中でも盛り上がりを見せたのは今年行った「運動会」。本物の運動会さながら、選手宣誓やラジオ体操から始まり、職員さんが赤白帽子やハチマキの演出で盛り上げ、チームに分かれて対抗戦をしたところ、初めは静かに参加されていた利用者さんですが、「えいえいオー!」の掛け声が上がるほど盛り上がったそうです。
気になる競技の内容ですが、ご高齢の方の体力に合わせて考案した優しい競技のアイデアが光ります。紙コップに玉を入れて隣の人のコップに渡していくリレーや、腕でタオルの輪を渡していくリレーなどをとおして、楽しく手先を使い、日常生活の動作にも役立つサポートや認知症予防に繋がる運動に自然と楽しみながら取り組んでもらえるように、競技の内容や小道具を考えているのだそうです。
工夫を凝らしたレクリエーションで
楽しいデイサービスの時間を
「ご家庭で、実際のところ難しいであろう〝毎日の関わり〟や、〝四季折々の行楽〟のような楽しみを増やし、サポートしたいという思いで日々、利用者さんの意見も聞きながら、楽しくちょっとした運動や刺激になる企画をしています。」と介護リーダーの日下たみえさん。日々の利用者さんとの関わりの中で閃いたアイデアを生かし、利用者さんに楽しんでいただく事を大切に、毎日飽きないように、違ったレクリエーションを行っていらっしゃいます。

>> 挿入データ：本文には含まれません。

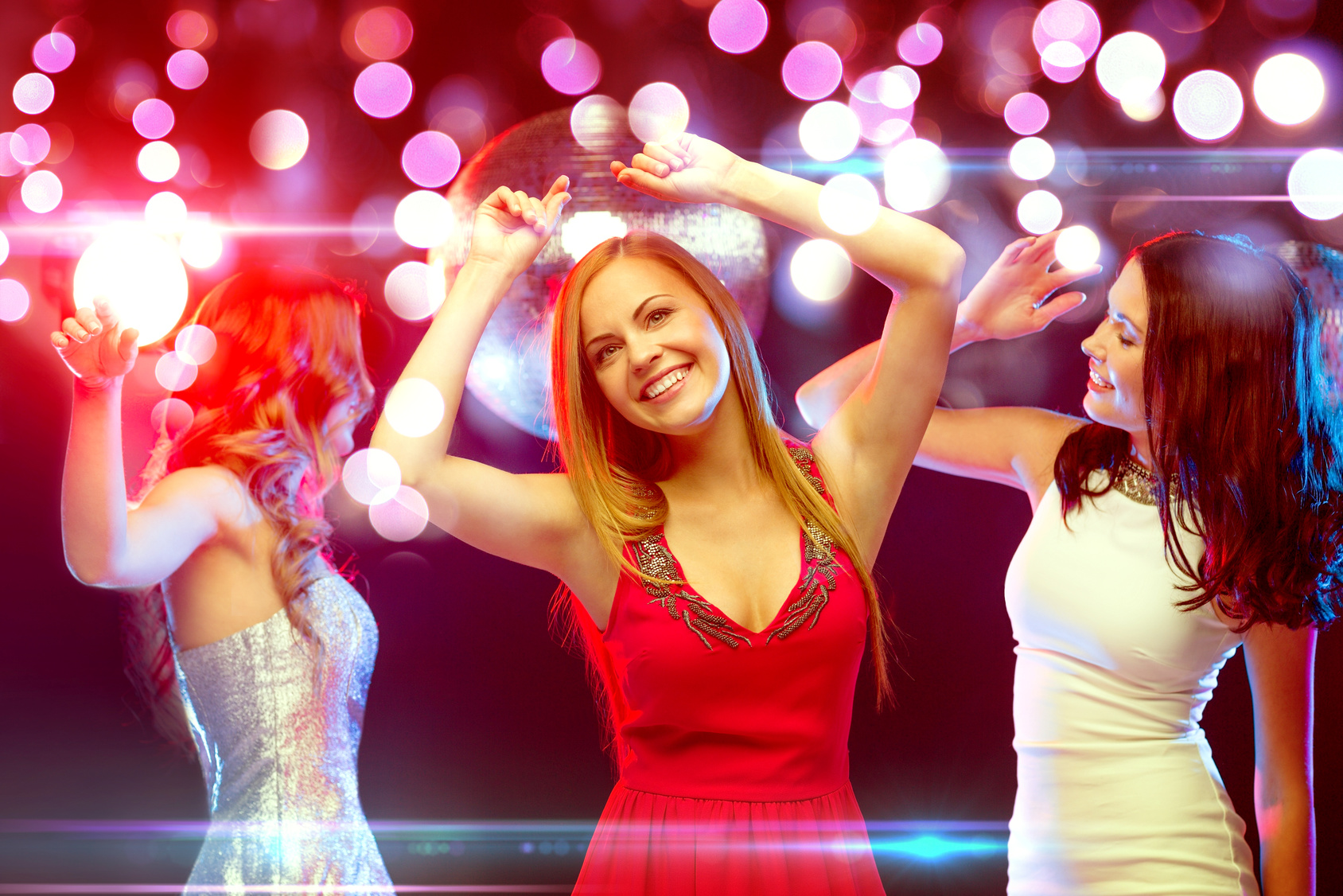 three smiling women dancing in the club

「軽い運動を含んだレクリエーションの場合は、待機して補助をする形にして、なるべく自然な形で楽しんでもらいたいと思っています。利用者さんに合わせて、参加が難しい場合は、できそうな事にアレンジして参加いただけるように工夫しています。」と所長の阿部和也さん。阿部所長さんは、理学療法士のご経験から、身体に寄り添ったアイデアを日々考えていらっしゃいます。職員の方々の様々な視点と感性で楽しいレクリエーションが生まれています。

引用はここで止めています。